Extended Learning Time
- $22 million: In order to give students more time to engage in quality time with teachers, the Legislature provided for K-12 Plus Pilot programs that allow districts flexibility in creating their own programs.
- $21 million: This appropriation provides for planning grants that allow districts to work with communities to design K-12 Plus programs.
- $15 million: The Legislature tripled last year’s appropriation to the Indian Education Fund, which supports tribal education departments, school districts and charter schools in providing indigenous language and cultural instruction and other programs.
- $1.25 million: Indigenous language and culture teachers certified by tribes, nations and pueblos will now be paid the same as Level 1 teachers.
- $2 million: This appropriation will pay for planning and designing new tribal libraries.

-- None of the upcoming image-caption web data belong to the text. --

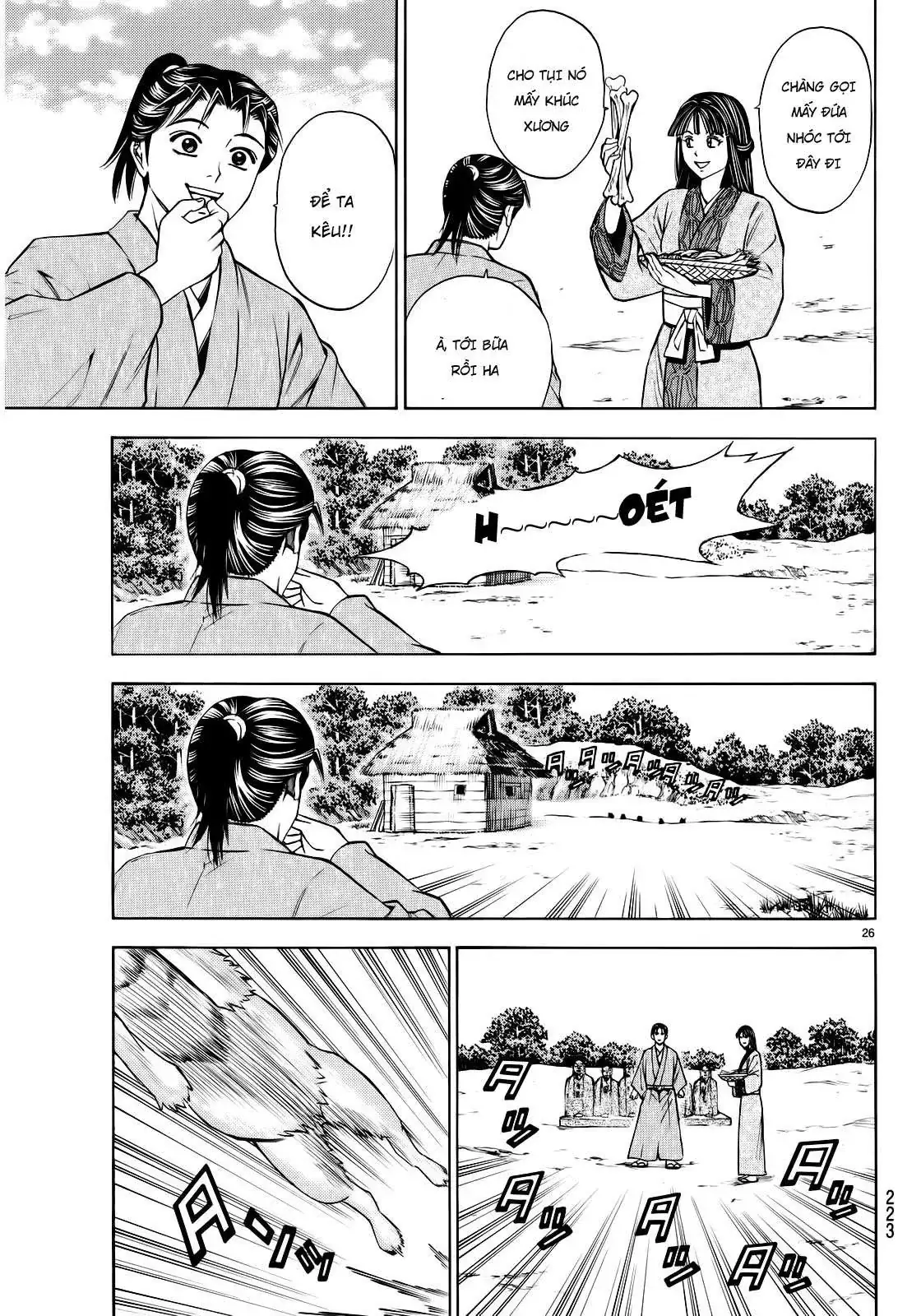 Shana Oh Yoshitsune (Ss2) Chapter 93 - Trang 27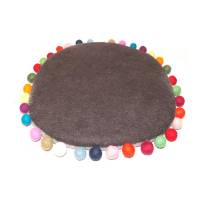 Picture of Two Colored Sitting Chair Pad
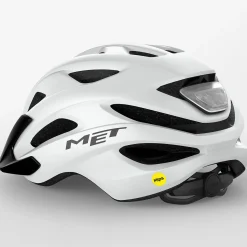 Casco Met Crossover Mips - Bianco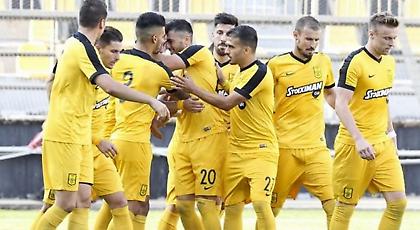 Έριξε τεσσάρα ο Άρης στη Βέροια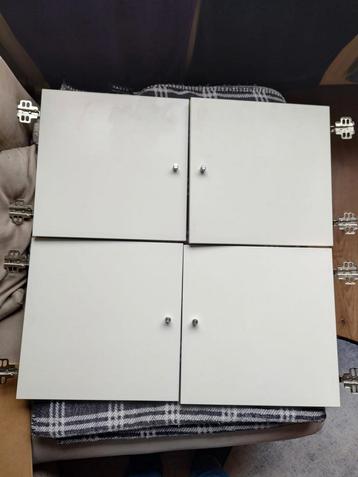 Inzet deurtje wit Kallax vakkenkast  beschikbaar voor biedingen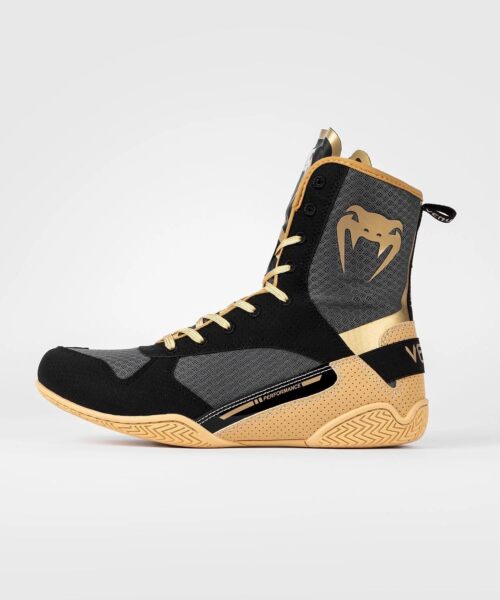 Venum ELite Boksschoenen Black/Beige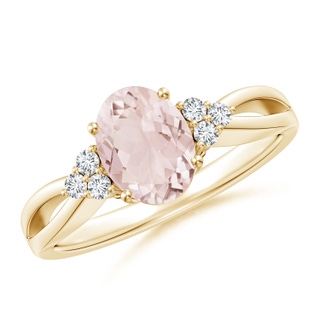 Oval A Morganite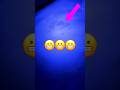 Using Black Light in Hotel Room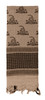 Rothco Gadsden Snake Shemagh Tactical Desert Scarf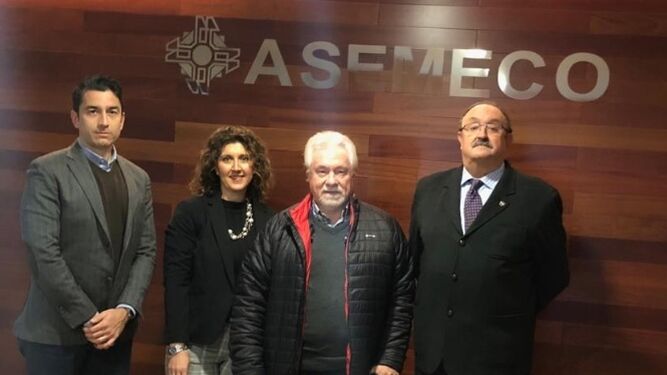 Asemeco y Seguros Grupo AICO renuevan su convenio de colaboración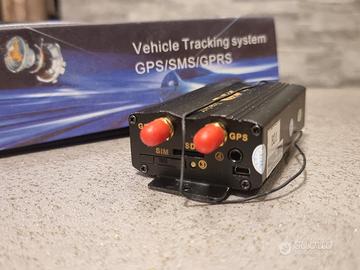 GPS SMS GPRS Tracker Sistema di Localizzazione 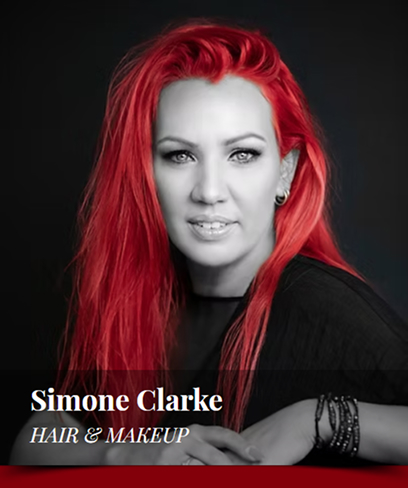 Simone Clarke portrait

- The Legislature also provided additional funding to tribal education departments to partner with school districts and charter schools to offer an extended learning time program called K-12 Plus for Native American students.

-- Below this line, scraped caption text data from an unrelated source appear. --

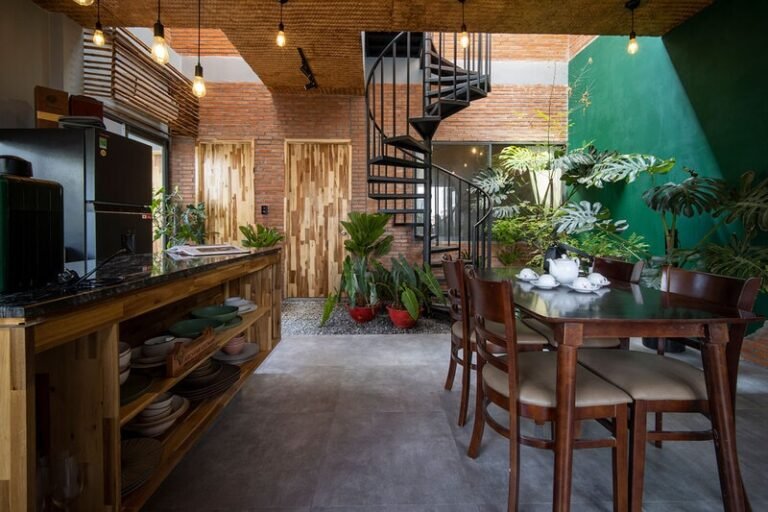 Modern Vietnamese Dwellings : Tien Giang house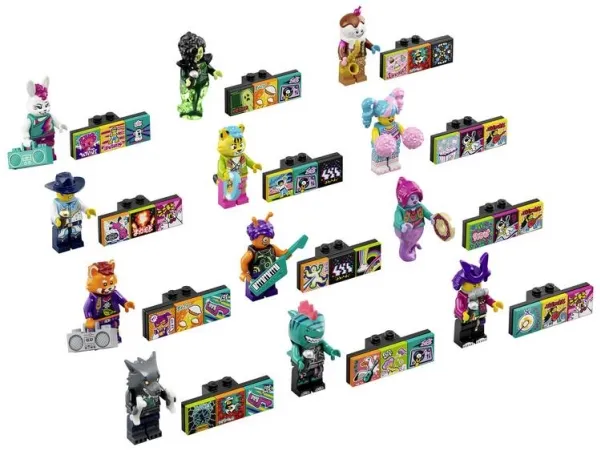 LEGO VIDIYO 43101 Bandmates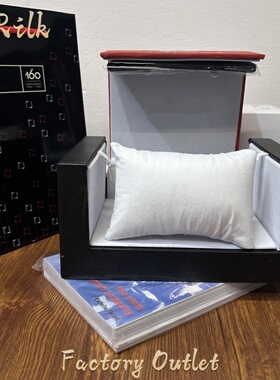 经典红色黑色男女款手表包装适用于天梭力洛克PRX手表收纳原装盒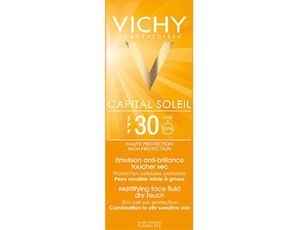 VICHY /   Capital Soleil Mattifying Face Dry Touch SPF 30
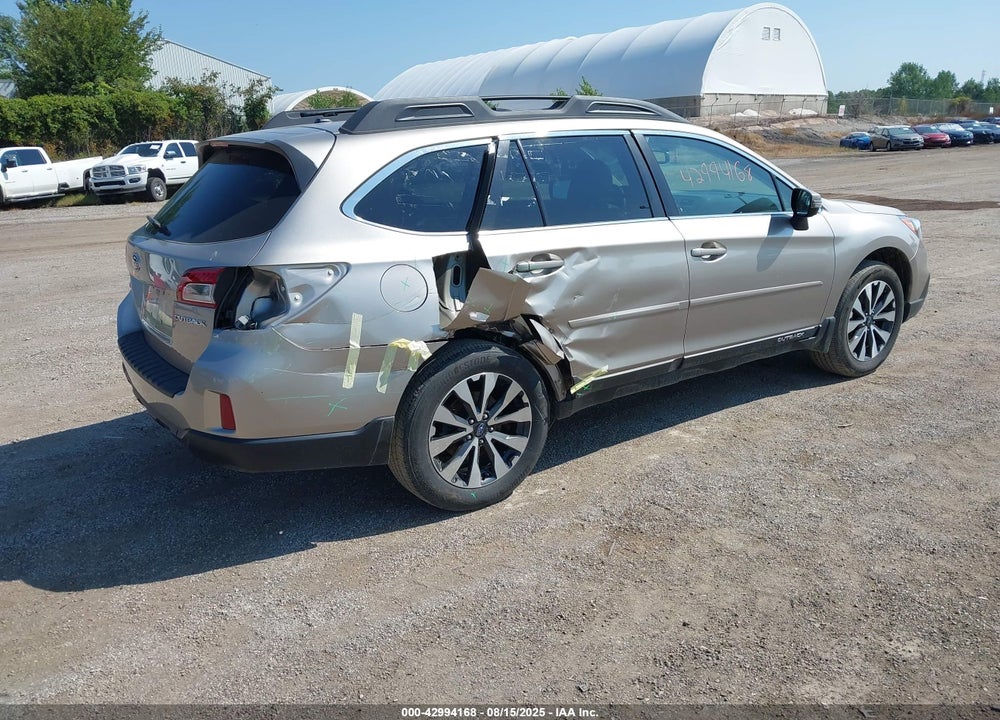 2015 SUBARU OUTBACK 2.5I LIMITED VIN: 4S4BSBNC9F3233587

- $11.5 million: The Public Education Department will expand its LETRS training to teachers in grades three through five. Teachers in kindergarten through second grade have already received the training, which provides a deeper understanding of the science of reading and evidence-based strategies to support all students, particularly those who experience reading challenges.

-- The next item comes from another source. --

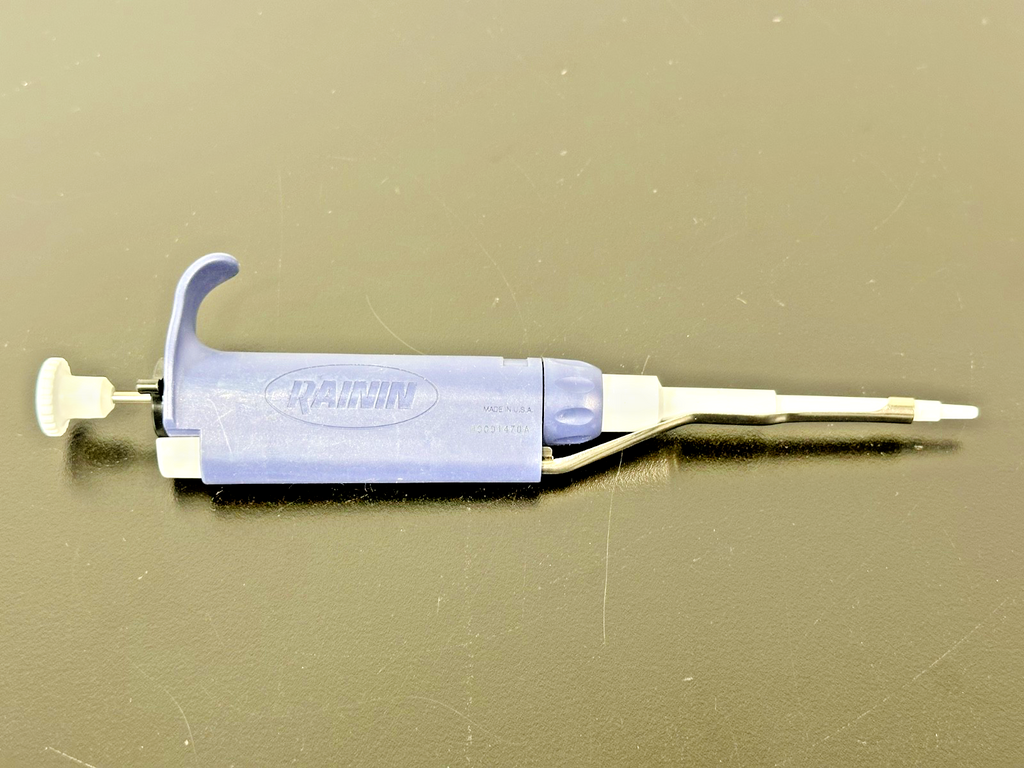 Rainin L 10 Classic Adjustable Single Channel Pipette 1 10µL0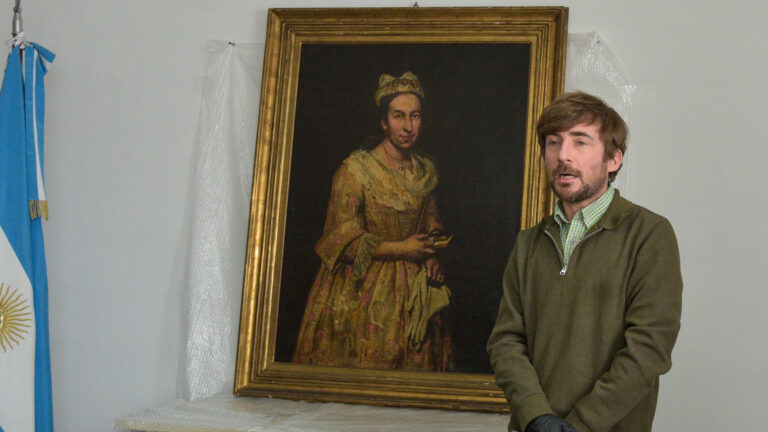 Lost Nazi-looted painting recovered in Argentina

- $8 million: The Legislature increased last year’s $5 million appropriation to $8 million to continue expanding the proven community schools strategy across the state. Community schools are existing schools that receive grants to develop programs and services that fall within four broad evidence-based strategies: Integrated student supports, expanded and enriched learning time and opportunities, active family and community engagement, and collaborative leadership and practices.
- $10 million to expand Career and Technical education and fund additional workplace learning;
- $15 million to provide at-risk students with academic and behavioral interventions;
- $10 million for technology and Informational Technology staffing to continue closing the digital divide.